Post by grabiner » Fri Nov 09, 2018 11:56 pm

oslocal wrote:
Fri Nov 09, 2018 2:36 pm
One consideration is that they don't send you anything to help you track your basis etc. so to the extent you can make your life easier with Treasury investments (incl. TIPS) and they are any part of your AA - that's why people recommend it for your California HSA.
You still have to track your basis; CA taxes capital gains on TIPS. (NJ, which also does not recognize HSAs, does not tax capital gains on Treasury bonds.)[/quote]
JBNV123 wrote:
Fri Nov 09, 2018 1:55 pm
Thanks for the discussion, I guess I'm questioning why TIPS (to avoid state taxes) would be a good choice for the HSA in CA unless TIPS are your preferred asset allocation overall.
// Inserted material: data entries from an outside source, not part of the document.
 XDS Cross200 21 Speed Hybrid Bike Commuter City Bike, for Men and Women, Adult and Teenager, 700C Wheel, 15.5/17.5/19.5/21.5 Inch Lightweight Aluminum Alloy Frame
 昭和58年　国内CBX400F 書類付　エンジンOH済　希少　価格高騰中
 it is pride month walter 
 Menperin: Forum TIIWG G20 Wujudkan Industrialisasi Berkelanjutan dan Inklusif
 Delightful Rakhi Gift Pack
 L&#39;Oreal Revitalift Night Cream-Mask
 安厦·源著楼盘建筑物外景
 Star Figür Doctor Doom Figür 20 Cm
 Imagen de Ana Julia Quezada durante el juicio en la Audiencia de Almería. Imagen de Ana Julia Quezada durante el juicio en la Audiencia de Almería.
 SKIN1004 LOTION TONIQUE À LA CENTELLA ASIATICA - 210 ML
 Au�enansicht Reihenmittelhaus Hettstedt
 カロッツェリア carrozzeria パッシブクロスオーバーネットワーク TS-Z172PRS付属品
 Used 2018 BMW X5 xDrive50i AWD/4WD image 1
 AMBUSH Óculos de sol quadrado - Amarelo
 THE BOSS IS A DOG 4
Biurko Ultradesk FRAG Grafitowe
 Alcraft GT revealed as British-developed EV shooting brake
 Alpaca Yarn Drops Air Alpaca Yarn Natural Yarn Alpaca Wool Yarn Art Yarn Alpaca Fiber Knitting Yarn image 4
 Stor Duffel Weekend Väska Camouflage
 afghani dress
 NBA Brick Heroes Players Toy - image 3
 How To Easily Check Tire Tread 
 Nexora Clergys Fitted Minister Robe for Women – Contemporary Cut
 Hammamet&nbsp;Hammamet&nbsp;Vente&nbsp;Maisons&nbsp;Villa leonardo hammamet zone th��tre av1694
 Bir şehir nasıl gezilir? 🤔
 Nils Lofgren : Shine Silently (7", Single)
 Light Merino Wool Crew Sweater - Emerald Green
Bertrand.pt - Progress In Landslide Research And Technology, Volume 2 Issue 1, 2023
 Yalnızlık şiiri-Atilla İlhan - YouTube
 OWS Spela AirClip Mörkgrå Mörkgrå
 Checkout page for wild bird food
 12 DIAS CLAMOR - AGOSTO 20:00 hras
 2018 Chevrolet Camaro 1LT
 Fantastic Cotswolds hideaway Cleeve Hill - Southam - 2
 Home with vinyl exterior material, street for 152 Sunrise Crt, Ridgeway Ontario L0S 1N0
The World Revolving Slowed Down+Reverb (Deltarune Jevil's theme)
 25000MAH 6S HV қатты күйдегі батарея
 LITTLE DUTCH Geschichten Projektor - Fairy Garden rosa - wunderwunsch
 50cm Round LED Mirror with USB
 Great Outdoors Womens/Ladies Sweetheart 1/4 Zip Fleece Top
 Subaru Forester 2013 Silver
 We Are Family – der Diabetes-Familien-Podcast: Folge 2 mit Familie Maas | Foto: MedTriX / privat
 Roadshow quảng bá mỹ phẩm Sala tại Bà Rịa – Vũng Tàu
I agree with this. I didn't hold any TIPS when I lived in NJ, so I chose to put a low-yielding stock ETF in my HSA instead of a Treasury fund.
I would think for the HSA , if one were going to use it to save for healthcare expenditures in retirement with regular retirement (401k -type plan) as a backup , one would want to get the highest appropriately risk-adjusted return probably similar to your preferred overall asset allocation, and that avoiding CA state taxes would not factor into one's choice enough to significantly alter the bond allocation.
The HSA doesn't need to mirror your overall asset allocation. Since your HSA, IRA, and 401(k) are all part of your retirement savings, you can combine them for your desired allocation. You should take advantage of the best options in each account; this might mean Treasuries in the HSA and corporate bonds elsewhere, just as it might mean holding only US stock in a 401(k) if the only low-cost option is an S&P 500 index.